Tags: demography/population, environment, food/agriculture, globalization, inequality, rural/urban, anthropocene, great acceleration, subtitles/CC, 00 to 05 mins
Summary: In sparkling electric blue, this narrated visualization illustrates the impact humans have had on the Earth's ecosystems from the time of the industrial revolution to the present. Referring to a new geological epoch, the narrator boldly announces, "Welcome to the anthropocene." The anthropocene is marked by the decisive role humans now play in shaping the state, dynamics and future of the Earth system. Among other indicators, scientists point out that anthropogenic processes now account for more sediment transport than natural processes, such as the erosion from rivers. Humans have also measurably altered the composition of the atmosphere, oceans, and soils, as well as the cycles associated with elements such as carbon, nitrogen, and phosphorus. The more than seven billion of us who currently reside on the planet now breath a chemically altered atmosphere of our own making, and we are witnessing the spread of oceanic dead zones. From a sociological standpoint, the adjective "anthropogenic," which simply denotes something that is produced by humans, is imprecise. It is not the mere presence of billions of homo sapiens which has altered the Earth's systems; rather, it is the way homo sapiens interact with the Earth's systems—our social processes. The clip works well as a way to enter into a discussion about environmental sociology. Specifically, one could easily draw on it to highlight the tension between understanding how changes in the environment get framed as problems by scientists, media, and other social actors, and how certain environmental changes have a real ontological status, irrespective of that framing.
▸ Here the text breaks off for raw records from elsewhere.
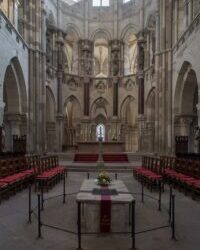 Pressing conservation of tomb of Holy Roman Emperor Otto I begins – The Historical past Weblog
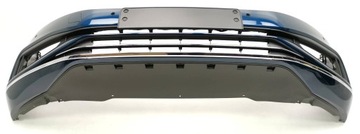 фото thumb №13, Aso бампер перед vw passat b8 рестайлінг lp5m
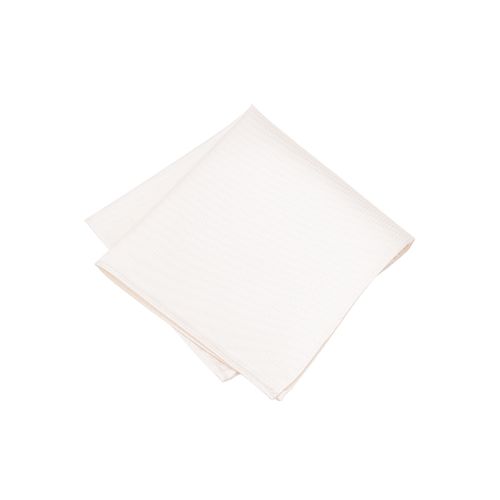 SEIDENFALTER Einstecktuch Picoté Default Title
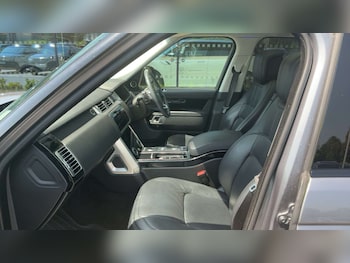 Used Land Rover Range Rover 2019 for sale - 79044685: Photo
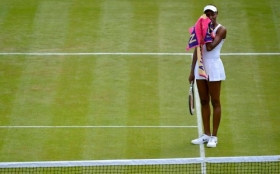 Tenis 1920x1200 051 Wimbledon 2012 Venus Williams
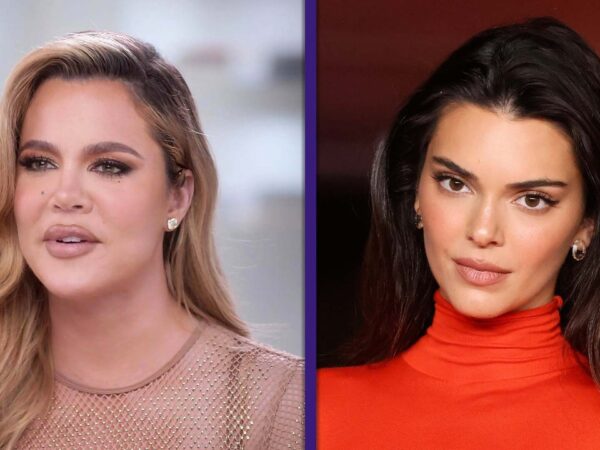 Khloé Kardashian Says Sister Kendall Jenner Is ‘Wasting Her Life’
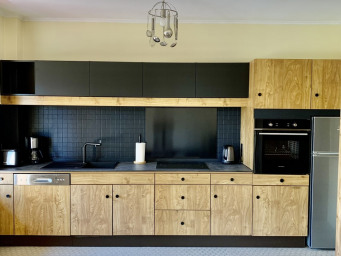 Appartement a louer tassin-la-demi-lune - 3 pièce(s) - 66 m2 - Surfyn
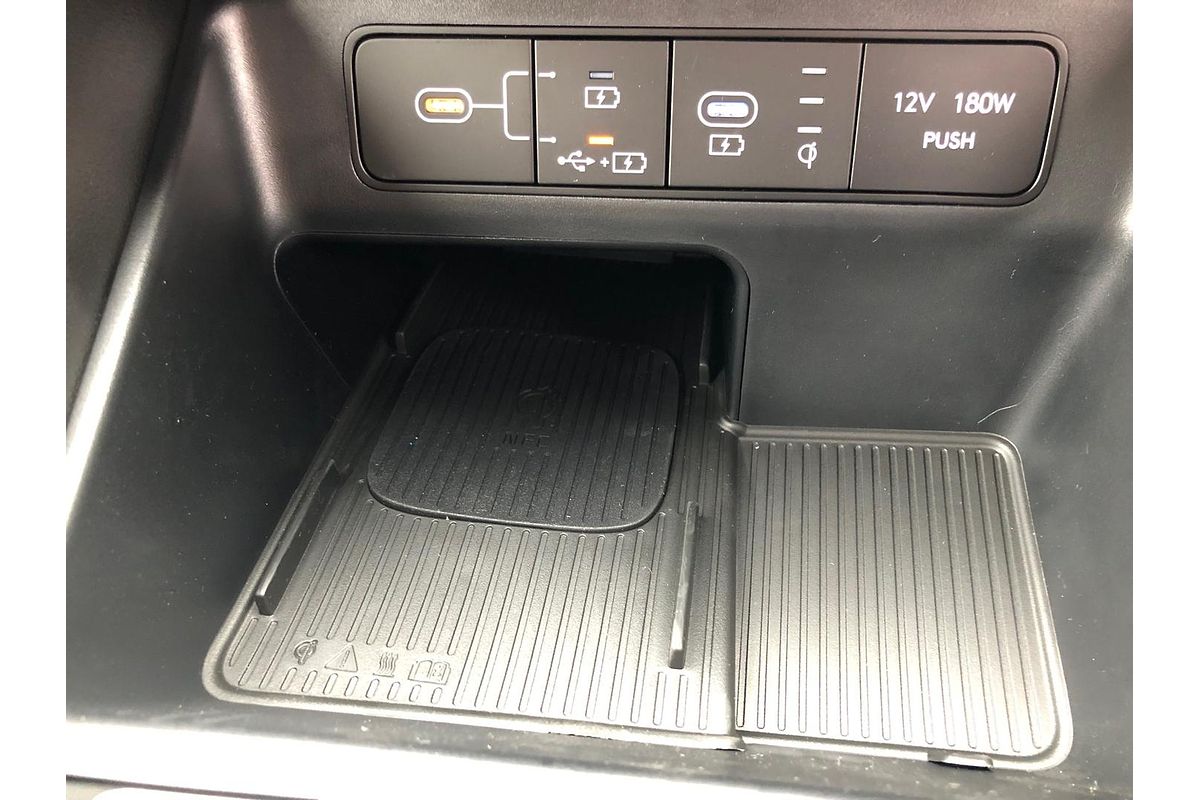 2025 Hyundai Tucson NX4.V4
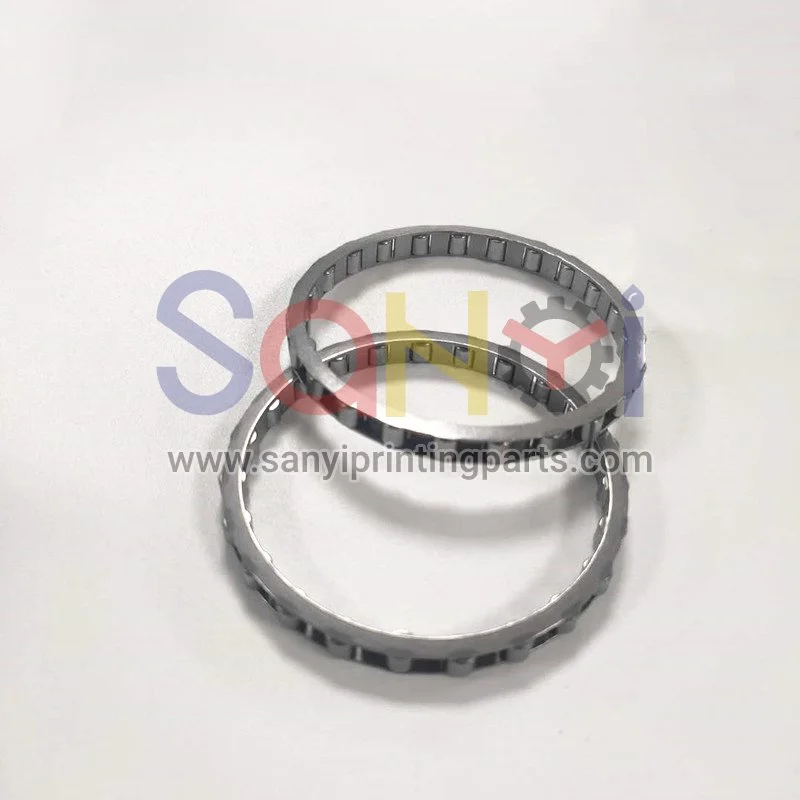 Heidelberg 00.580.5216 Roller Bearing For SM102 CD102 XL105 Machine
Submitted By: Lester Andrist
Tags: capitalism, commodification, consumption/consumerism, food/agriculture, economic sociology, marketing/brands, theory, weber, alienation, assembly line, farming, fordism, mass production, McDonalidzation, rationalization, simulacra, slow food, 00 to 05 mins
Summary: Using Pixar-esque animation and Willie Nelson’s twang, this Chipotle commercial examines the development of our food production system. The commercial-story begins with images of pigs in an open pasture, which are then subjected to larger and more mechanized farming practices that lead to a highly industrialized food production system. It then shows a farmer (who evokes images of Middle America) as he slowly realizes the toxic effects, both on body and planet, of rationally commodifying agriculture and livestock. Set to Coldplay’s “The Scientist” (heartbreakingly sung by Willie Nelson), the main lyrics reference going “back to the start” and a return to earlier farming practices. Within the linear segment, we learn that the said farmer’s consciousness-raising leads to cage-free farming, thereby allowing him, his family, and their farm animals to lead a more socially conscious–and seemingly happy–existence. This clip can bring to life theories of consumption, aiding sociologists-in-training in conceptualizing concepts including Weber’s theories on rationalization, George Ritzer’s theories on McDonaldization, and Jean Baudrillard’s musings on simulacra. It can be useful to spark conversations on the social and environmental impacts of consumption behaviors and the potential impacts of industrial farming practices for human health. Finally, Chipotle’s commercial provides an opportunity to examine the complexities–and sometimes contradictions–of advertising. After a discussion on whether they are prompted (as educated consumers) to frequent Chipotle now that they’ve seen the commercial, the viewer might consider some little known facts and inconsistencies of the fast-food chain. For example, the McDonald’s Corporation was at one time a major investor in Chipotle, though now divested from the Mexican grill. In January 2011, the fast-food chain was in the Minnesota headlines when several locations were hiring undocumented workers, therefore coming to the attention of U.S. Immigration and Customs Enforcement (ICE). Once discovered, Chipotle fired the employees, ranging from 350 to 700 people. This begs the question, while ethical treatment is being maintained for farm animals, is ethical treatment being maintained for actual human employees?